= Vasant Rao Uikey =

Indian politician

Vasant Rao Uikey (17 June 1928 – 15 November 1997) was an Indian politician and a Cabinet Minister from the state of Madhya Pradesh. He served as an MLA in the 1st, 2nd, 3rd, 4th, 5th and 6th Vidhan Sabha of the Government of Madhya Pradesh.

== Early life and family ==
Vasant Rao Uikey was born at Village Wadhona, Tahseel Brahmpuri, Distt. Chandrapur, Maharashtra. He was the son of former Member of Parliament and renowned social activist Honourable Padma Shri Mangru Ganu Uikey.

He finished his formal education from Jabalpur and graduated from Sagar University in 1950. In 1950–51, he worked as the editor of Sachitra Adimjati Sevak, a monthly magazine founded by his father. He was married to Smt. Usha, and has three sons and a daughter. He maintained his permanent residence in Bhopal, Madhya Pradesh.

== Political life ==
One of the most distinguished political leaders in the history of the state of Madhya Pradesh, Vasant Rao Uikey was recognized as a leading tribal politician of the country. He was admired highly for his honesty and administrative brilliance and regarded as a potential chief ministerial candidate.

He is credited for his relentless contribution of 50 years towards the administration, development and governance of the state and a life devoted for the upliftment and welfare of the poor, oppressed, victimized, rural and backward castes.

He joined active politics right after his student life. He was elected as an MLA from Lakhnadon Vidhansabha constituency at a young age of 24 in the year 1952. He served as an MLA consistently from 1952 to 1980 representing the Vidhansabha constituency of Lakhnadon and Ghansor, Distt. Seoni. He worked as Deputy Minister, State Minister and Cabinet Minister under various ministers, and headed 17 departments of the state in his political career.

He also acted as an active and former President of Madhya Pradesh Congress Party.

A momentous achievement during his term was the accomplishment of Nationalization of the Trade of Tendu Leaves and its enforcement in the state for the welfare of tribals and people of the forest against heavy opposition.

== Political career ==
Member of Legislative Assembly (MLA) – (i) First Vidhan Sabha, 1956–57 (ii) Second Vidhan Sabha, 1957–62, (iii) Third Vidhan Sabha, 1962–67, (iv) Fourth Vidhan Sabha, 1967–72, (v) Fifth Vidhan Sabha, 1972–77, and (vi) Sixth Vidhan Sabha, 1977–80 from Lakhnadon and Ghansor Vidhansabha constituency of Madhya Pradesh.

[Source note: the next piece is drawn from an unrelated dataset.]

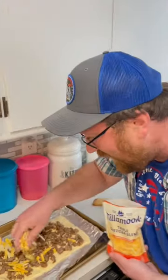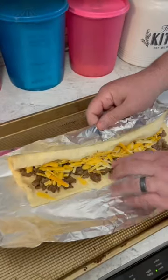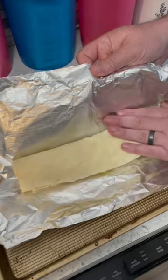Time to add some cheese. Roll it up like a cinnamon roll, then time to cut it. Bake at 350 for 10 to 12 minutes.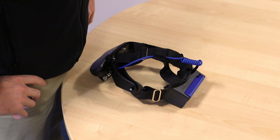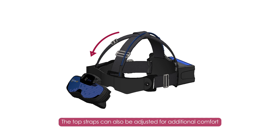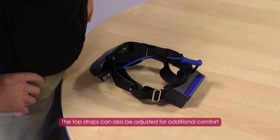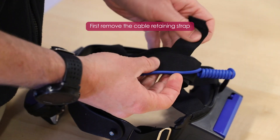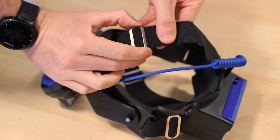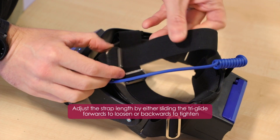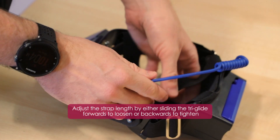Finally, for additional comfort and image stability, the top straps can also be adjusted. This is done by first removing the cable retaining strap, then adjusting the strap length by either sliding the triglide forwards to loosen the fit and backwards to tighten.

=== Ministerial positions held in government of Madhya Pradesh ===

(i) State Minister of Forest in 1966,

(ii) Minister of Public Health in 1967,

(iii) Minister of Commerce and Industry in 1969 and 1971,

(iv) Minister of Tourism in 1971, 1972 and 1973,

(v) Minister of Cooperatives in 1972 and 1973,

(vi) Minister of Agriculture in 1972, 1973 and 1974.

(vii) Minister of Tribal Welfare and Scheduled Caste Welfare in 1972, 1973 and 1974.

(viii) Minister of Food and Civil Supplies in 1972, 1973 and 1974.

(xi) Minister of Power and Irrigation in 1974 and 1975

(x) Minister of Education in 1976 and 1977.

== Administrative work ==
President of (i) Madhya Pradesh Audyogik Kendra Vikas Nigam, 1986–90, (ii) Madhya Pradesh State Backward Class Commission, 1993–96, (iii) Madhya Pradesh State Scheduled Tribe Commission, 1996, (iv) Tribal Finance Corporation.

Vice President of Primary School Teachers Union, Mandla

Secretary of Vanvasi Seva Mandal, Hoshangabad

Member of (i) Madhya Pradesh Estimates Committee, (ii) Forest Expansion Committee, (iii) Mission School Inspection Committee, (iv) Madhya Pradesh Oil Selection Board, 1992–94, (v) Madhya Pradesh Khadi and Village Industries Board.

== Honour ==
Vasant Rao Uikey was popularly known as a people's leader.

On his death, the State Legislative Assembly of Madhya Pradesh broke the traditional norm of 5 minutes tribute, and adjourned the proceedings for an entire day as a tribute to his virtuous, ideal and inspirational life.